(Items from a data source)

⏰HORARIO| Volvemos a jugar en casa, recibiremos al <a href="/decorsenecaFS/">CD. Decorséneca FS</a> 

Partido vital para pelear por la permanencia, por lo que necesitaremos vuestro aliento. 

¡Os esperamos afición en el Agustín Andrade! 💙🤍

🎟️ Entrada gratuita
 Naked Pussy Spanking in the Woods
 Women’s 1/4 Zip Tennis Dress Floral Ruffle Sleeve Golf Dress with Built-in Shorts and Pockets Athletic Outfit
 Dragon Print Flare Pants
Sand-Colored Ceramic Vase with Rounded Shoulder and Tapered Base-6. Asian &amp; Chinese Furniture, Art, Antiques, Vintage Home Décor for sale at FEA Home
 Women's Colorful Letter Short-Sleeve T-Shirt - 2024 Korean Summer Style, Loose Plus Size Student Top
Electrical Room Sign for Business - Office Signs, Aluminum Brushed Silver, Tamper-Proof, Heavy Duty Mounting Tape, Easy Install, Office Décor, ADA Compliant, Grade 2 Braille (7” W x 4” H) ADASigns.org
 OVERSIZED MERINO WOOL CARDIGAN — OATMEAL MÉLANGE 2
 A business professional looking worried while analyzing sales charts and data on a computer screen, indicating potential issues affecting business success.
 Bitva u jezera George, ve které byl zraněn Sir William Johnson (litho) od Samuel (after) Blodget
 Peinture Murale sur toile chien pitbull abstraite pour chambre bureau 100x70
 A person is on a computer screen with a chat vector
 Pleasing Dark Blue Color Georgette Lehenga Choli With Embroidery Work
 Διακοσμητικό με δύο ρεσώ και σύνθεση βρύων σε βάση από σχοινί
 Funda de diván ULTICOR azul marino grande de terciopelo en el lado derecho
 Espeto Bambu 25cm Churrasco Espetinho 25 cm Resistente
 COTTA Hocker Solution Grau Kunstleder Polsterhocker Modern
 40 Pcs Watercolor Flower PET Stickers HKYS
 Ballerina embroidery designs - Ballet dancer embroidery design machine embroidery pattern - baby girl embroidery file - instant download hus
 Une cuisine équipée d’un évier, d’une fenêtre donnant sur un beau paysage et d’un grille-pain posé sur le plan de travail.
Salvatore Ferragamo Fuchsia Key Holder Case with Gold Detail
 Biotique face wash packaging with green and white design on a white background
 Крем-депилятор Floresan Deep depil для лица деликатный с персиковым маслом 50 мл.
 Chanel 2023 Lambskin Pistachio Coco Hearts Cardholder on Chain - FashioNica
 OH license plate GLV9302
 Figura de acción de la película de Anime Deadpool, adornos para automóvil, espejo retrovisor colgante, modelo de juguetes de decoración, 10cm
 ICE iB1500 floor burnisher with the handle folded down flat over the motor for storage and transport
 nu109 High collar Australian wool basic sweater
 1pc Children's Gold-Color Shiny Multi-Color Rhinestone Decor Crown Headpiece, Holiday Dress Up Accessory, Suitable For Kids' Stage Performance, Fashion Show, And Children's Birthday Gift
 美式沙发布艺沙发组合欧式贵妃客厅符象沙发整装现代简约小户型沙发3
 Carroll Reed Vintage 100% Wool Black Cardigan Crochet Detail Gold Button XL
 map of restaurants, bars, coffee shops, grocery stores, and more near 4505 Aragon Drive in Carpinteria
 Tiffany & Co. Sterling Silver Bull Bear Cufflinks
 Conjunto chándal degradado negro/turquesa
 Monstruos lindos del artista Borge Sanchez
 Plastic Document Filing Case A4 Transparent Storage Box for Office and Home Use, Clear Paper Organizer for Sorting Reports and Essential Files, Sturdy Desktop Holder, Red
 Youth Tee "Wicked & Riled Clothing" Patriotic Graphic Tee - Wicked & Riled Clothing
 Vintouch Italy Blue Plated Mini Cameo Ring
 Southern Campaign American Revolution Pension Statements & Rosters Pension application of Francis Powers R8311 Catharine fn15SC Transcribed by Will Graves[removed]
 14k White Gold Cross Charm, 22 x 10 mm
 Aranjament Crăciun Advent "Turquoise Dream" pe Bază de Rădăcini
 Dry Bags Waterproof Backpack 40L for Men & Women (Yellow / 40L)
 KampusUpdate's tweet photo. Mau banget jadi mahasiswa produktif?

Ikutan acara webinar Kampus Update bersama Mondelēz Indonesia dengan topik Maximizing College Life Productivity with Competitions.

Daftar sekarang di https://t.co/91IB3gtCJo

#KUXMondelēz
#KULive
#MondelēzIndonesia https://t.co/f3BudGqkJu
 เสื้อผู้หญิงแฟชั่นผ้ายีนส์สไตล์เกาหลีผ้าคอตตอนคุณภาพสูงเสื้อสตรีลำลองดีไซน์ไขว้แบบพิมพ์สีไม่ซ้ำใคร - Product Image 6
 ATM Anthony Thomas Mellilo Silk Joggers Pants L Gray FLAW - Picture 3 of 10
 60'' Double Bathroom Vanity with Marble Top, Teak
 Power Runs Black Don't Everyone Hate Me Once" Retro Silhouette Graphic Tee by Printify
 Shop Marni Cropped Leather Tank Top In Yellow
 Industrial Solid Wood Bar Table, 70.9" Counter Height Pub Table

Task details:
All lines above between those holding "Monstruos lindos del artista Borge Sanchez" and "Vintouch Italy Blue Plated Mini Cameo Ring", inclusive, must be set down unchanged, and no other line may be included.

Solution to this problem:
 Monstruos lindos del artista Borge Sanchez
 Plastic Document Filing Case A4 Transparent Storage Box for Office and Home Use, Clear Paper Organizer for Sorting Reports and Essential Files, Sturdy Desktop Holder, Red
 Youth Tee "Wicked & Riled Clothing" Patriotic Graphic Tee - Wicked & Riled Clothing
 Vintouch Italy Blue Plated Mini Cameo Ring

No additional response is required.